Jane and I delivered supper to the local women's shelter yesterday. It is a ministry that our Sunday School class has done for the last 4-5 years. Once a month we provide supper for anywhere between 20-60 women and children. We used to have them out to the pavilion once a year too. But last night was it. We took 11 large Pizza Hut pizza's and 8 2-liter's of pop. There was a young-ish adult girl who was pretty darn excited to see Pizza Hut pizza. She kept going on how she hadn't had pizza for 5 months, and she was really glad it was even GOOD pizza.
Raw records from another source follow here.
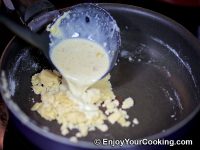 Gradually start mixing sauce spoon by spoon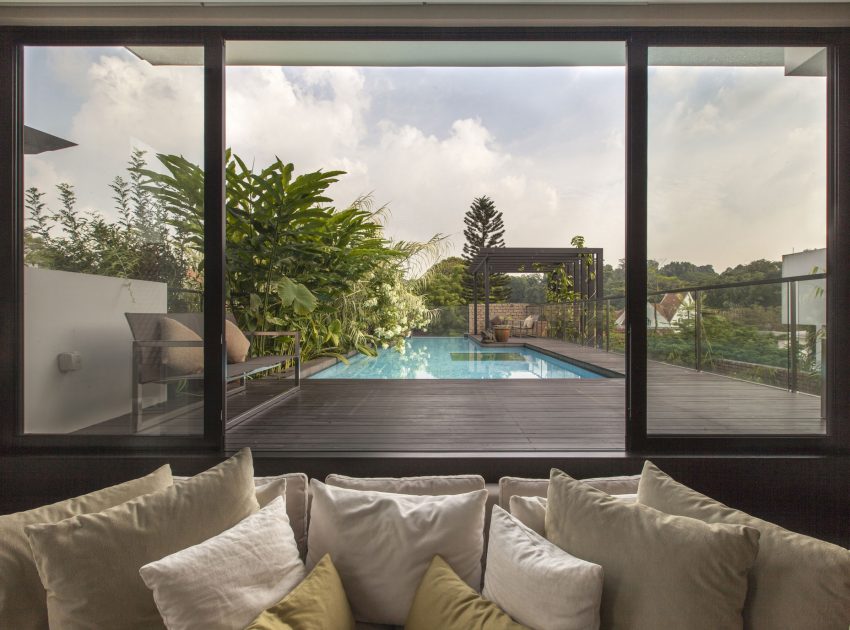 A Stunning House Surrounded by Lush Greenery and Courtyard Gardens in Singapore by Aamer Architects (23)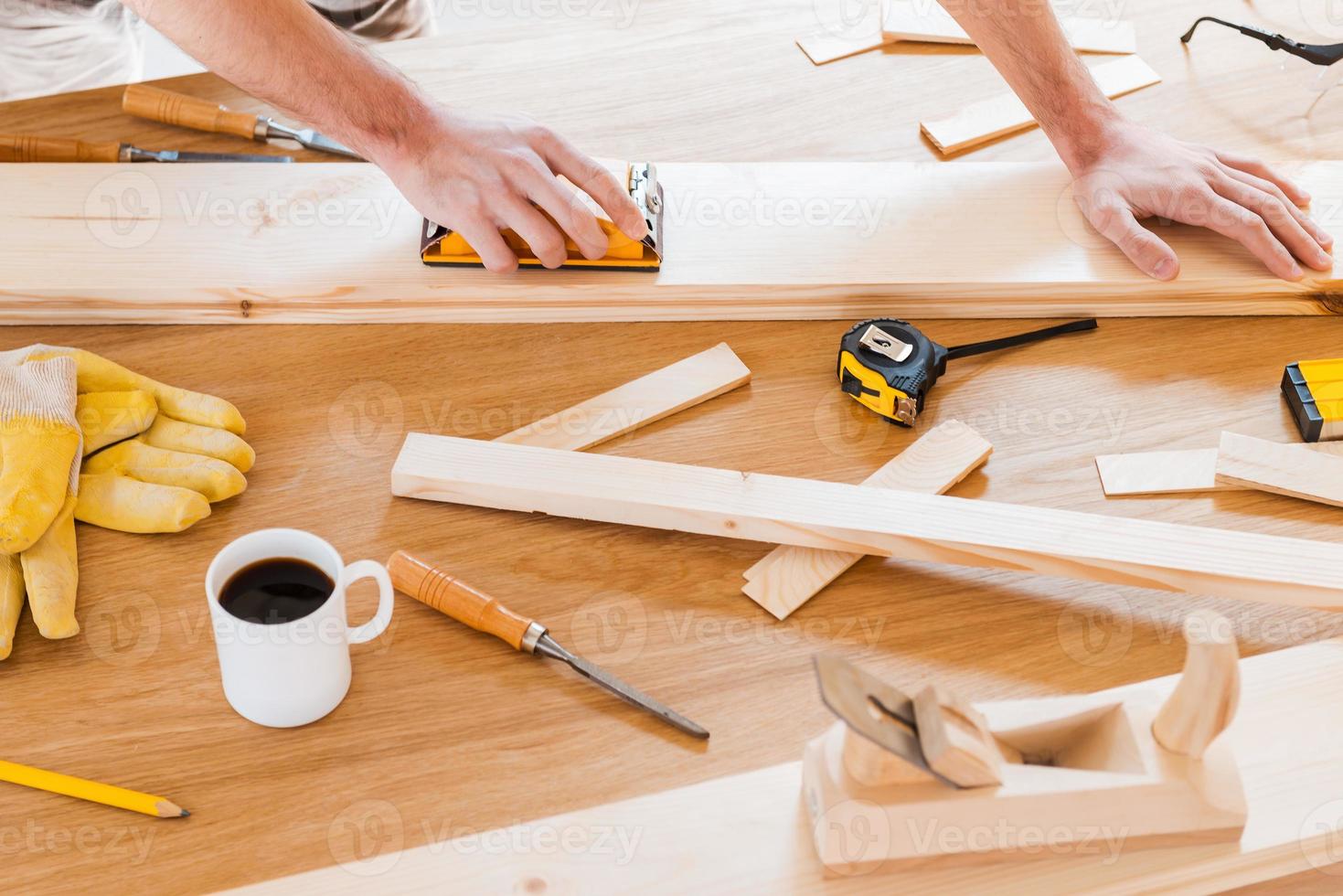 Working tools for carpenter. Close-up of male carpenter working at the wooden table with diverse working tools laying on it photo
That made it a little sad, but we at least appreciated that she was excited.
The reason we stopped doing this is because once the organization moved locations - they moved from a big old house downtown into a brand new "facility" - it has lost a lot of the feel of a ministry, and there isn't any relationship between us anymore. We used to actually go there and prepare and then serve the food for the women and their kids. Now we just drop it off, as they have their own cook and everything. We can't even go in the kitchen. So there is zero interaction with the residents. Plus we don't ever get thanked or acknowledged in any way. So in some respects it's almost like they don't really care if we bring food or not. I don't know if that's true, but without hearing anything to the contrary, that's kind of how it seems. And then there's the fact that it doesn't require 'us' to do anything. I mean, we could just have Pizza Hut deliver the food for no more than we do. We've also asked at different times if there were other ways we could help out, and we never get any response.
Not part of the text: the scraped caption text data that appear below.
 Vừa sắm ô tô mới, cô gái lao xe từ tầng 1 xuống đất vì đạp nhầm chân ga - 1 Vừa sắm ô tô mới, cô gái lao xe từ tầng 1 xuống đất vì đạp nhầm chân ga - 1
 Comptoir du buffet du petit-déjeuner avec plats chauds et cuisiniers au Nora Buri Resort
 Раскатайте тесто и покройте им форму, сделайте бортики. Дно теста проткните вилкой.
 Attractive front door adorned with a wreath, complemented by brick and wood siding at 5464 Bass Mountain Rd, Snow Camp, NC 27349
So... we notified them awhile back that we would be ending the arrangement at the end of the year. They appreciated us notifying them. I'm sure a lot of people just stop. Which is just rude. So we ended on okay terms. I just wonder how organized the place is. They seem to really lack from a community relations standpoint. But... maybe what we were doing wasn't all that much. And it's not really why we were doing it anyway. I'm not complaining, I'm just saying that's how things were.
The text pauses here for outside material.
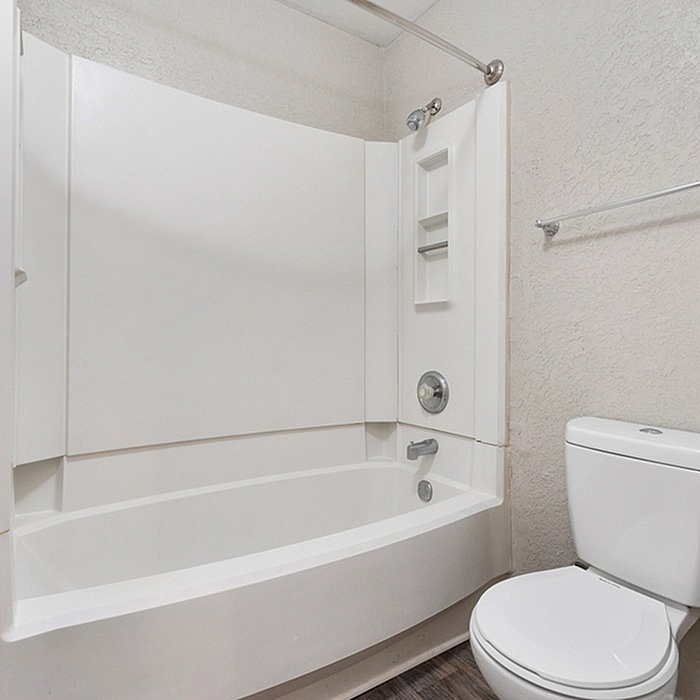 Modern bathroom featuring a pristine white bathtub with built-in shelves, sleek shower fixtures, and a contemporary toilet, offering a clean and inviting space.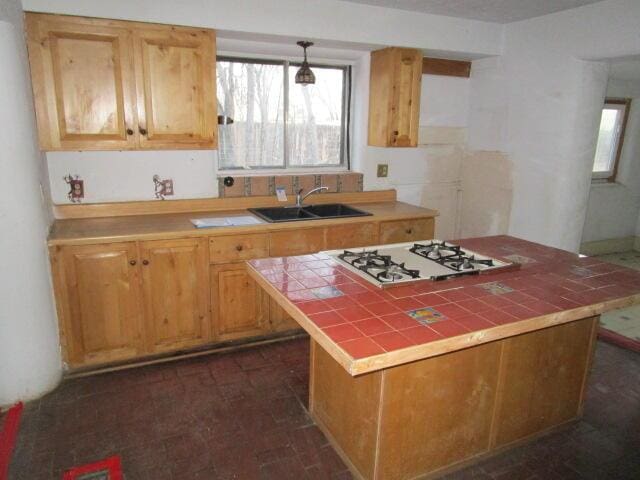 kitchen with decorative light fixtures, tile counters, white gas stovetop, a sink, and fridge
Our group is now checking into some other ministry options. We are going to begin by helping hand out food on a Saturday at the food bank. We reserved a spot for 10-12 of us for a Saturday in February. The nice thing about this is that it will require our group to be involved WITH one another. That's something we were lacking with the other thing. I think we need that interaction together. Plus I think it will be nice for us to actually 'do' something. I know ministry isn't all about 'doing,' but it sometimes doesn't involve near enough of it. So we'll see how this goes.
It was sad to end this phase of ministry with the women's shelter, but I think we would be better to put some things to rest while things are still going well than to hold on and drag things out to a point where it begins to have a negative effect on one side or the other. I'm glad to see us branching into another area.